Monday, July 17, 2006

Temple divorce II

Reiterating some thoughts shared elsewhere...

I am vitally interested in these questions. While I have implicit faith that Heavenly Father will eventually help us understand all the implications, I don't know exactly what a divorce means in terms of my temple covenants.

For myself, I suppose that civil divorce from a temple marriage is relatively meaningless, in the eternal scheme of things. This is an act intended to cover a situation that can only exist in this temporary state. I am thinking that perhaps Jesus' words about divorce in the New Testament have strong application to the idea of cancelling a temple sealing. He said that the followers of Moses were given permission to divorce only because they stubbornly and wilfully insisted. I don't believe this was to their credit, and the pervasiveness of divorce in our society has similar significance.

I prefer to think that I stand assured of the blessings that have been promised, if I keep myself worthy, regardless of the acts or worthiness of others. While I cannot imagine exactly how these blessings will come about, I trust that it is so. My temple covenants are eternal. They cannot be abrogated or compromised by decrees of civil law, nor by the faithlessness of others. It is a fundamental doctrine of the gospel that we are accountable for our own acts, and will not be punished for the misdeeds of others.

Yet it stands to reason that we could not have any kind of eternal relationship - as in my case, given the fact that my exwife and I could not even survive a couple of decades of trial here. Alma counsels that "this life is the time for men to prepare to meet God" and that the same spirit which possesses our bodies now will continue with us in the worlds to come. Our marital relations will not undergo some miraculous transformation at the last day. Impossible to guess now how these difficulties will be worked out, but they must be, and will be, eventually.

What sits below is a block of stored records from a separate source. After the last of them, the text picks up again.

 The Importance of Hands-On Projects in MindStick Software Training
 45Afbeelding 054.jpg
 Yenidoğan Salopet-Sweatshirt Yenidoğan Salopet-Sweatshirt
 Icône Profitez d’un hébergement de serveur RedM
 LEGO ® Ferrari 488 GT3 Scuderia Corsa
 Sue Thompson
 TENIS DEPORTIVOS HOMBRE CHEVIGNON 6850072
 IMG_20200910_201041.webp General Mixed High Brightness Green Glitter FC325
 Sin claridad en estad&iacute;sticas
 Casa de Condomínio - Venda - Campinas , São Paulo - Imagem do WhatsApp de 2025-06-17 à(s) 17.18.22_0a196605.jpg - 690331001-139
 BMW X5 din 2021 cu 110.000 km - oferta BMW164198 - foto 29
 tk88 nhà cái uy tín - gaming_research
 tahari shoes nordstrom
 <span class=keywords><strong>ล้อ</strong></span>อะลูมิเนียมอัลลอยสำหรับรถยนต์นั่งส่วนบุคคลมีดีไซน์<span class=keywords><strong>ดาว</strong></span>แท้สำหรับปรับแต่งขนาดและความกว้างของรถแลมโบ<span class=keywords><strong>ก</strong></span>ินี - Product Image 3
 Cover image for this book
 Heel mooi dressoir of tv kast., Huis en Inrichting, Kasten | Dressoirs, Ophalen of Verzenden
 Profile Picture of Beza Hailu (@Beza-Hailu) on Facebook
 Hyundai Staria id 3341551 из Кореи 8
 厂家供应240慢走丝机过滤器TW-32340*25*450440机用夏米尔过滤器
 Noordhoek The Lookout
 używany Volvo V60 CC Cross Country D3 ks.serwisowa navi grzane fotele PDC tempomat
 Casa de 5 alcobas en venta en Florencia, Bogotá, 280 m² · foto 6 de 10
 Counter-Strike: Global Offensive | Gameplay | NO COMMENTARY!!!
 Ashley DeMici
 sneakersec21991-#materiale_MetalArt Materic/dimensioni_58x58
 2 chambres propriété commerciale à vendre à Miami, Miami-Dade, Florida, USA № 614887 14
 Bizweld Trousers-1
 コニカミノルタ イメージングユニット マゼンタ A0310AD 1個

It may be that some of our struggle with a rationale for divorced and fragmented families stems from our inability to understand the real nature of celestial marriage. I suppose what we can picture now is a very simplified version of what life with Heavenly Father will really be. We strive to model our earthly families after the form and function of the celestial, as far as we can envision that environment. From my perspective, this is a good thing to look forward to-things can only get better. (And I find myself feeling as though they could not get much worse, just now.)

I will always wonder, though: If I was really a good person, perhaps these evil things would not have happened to me. During the time when I was happily married - and it was quite a long stretch - I often expressed in prayers my gratitude for such a good marriage. What can I say now? Thanks for the memories, it was good while it lasted? I just don't feel as if "Better luck next time" is a very comforting thought.


Anonymous said...

Mormons that are civilly married and a few years later married/sealed in the Mormon Temple (spiritual marriage binding for eternity) and divorce by civil law years later, still be considered spiritually married like the FLDS group in Texas? Are they polygamists if they remarry? Because if they are, I am a polygamist and so is my ex-husband and a lot of other Mormons. Try thousands, because the Church recognizes the sealing as husband, wife and family even after the civil divorce.

Jim Cobabe said...


"Spiritually married" is not well defined, in my thinking. From the point of view of those who are married to multiple partners, but in a sequence of relationships, I believe this cannot rightly be equated with "polygamy". Plural marriage sanctioned simultaneous cohabitation. To me the implications of that quality made it unique.

What the Church "recognizes" is also poorly defined. On my official records, my former children are still listed as related to me, though for reasons of their own, they no longer use the names I originally gave them.

My former spouse is not listed on my record, though I presume we are still "officially" sealed.

It does not matter -- to me, that distinction is all but pointless, and effectively meaningless. My former spouse renounced her covenants and sold her marriage rights to obtain a civil divorce. She cannot come back later and claim that she has unchanged her mind. How would she go about such a thing? Hire a lawyer to force me to be legally married to her again?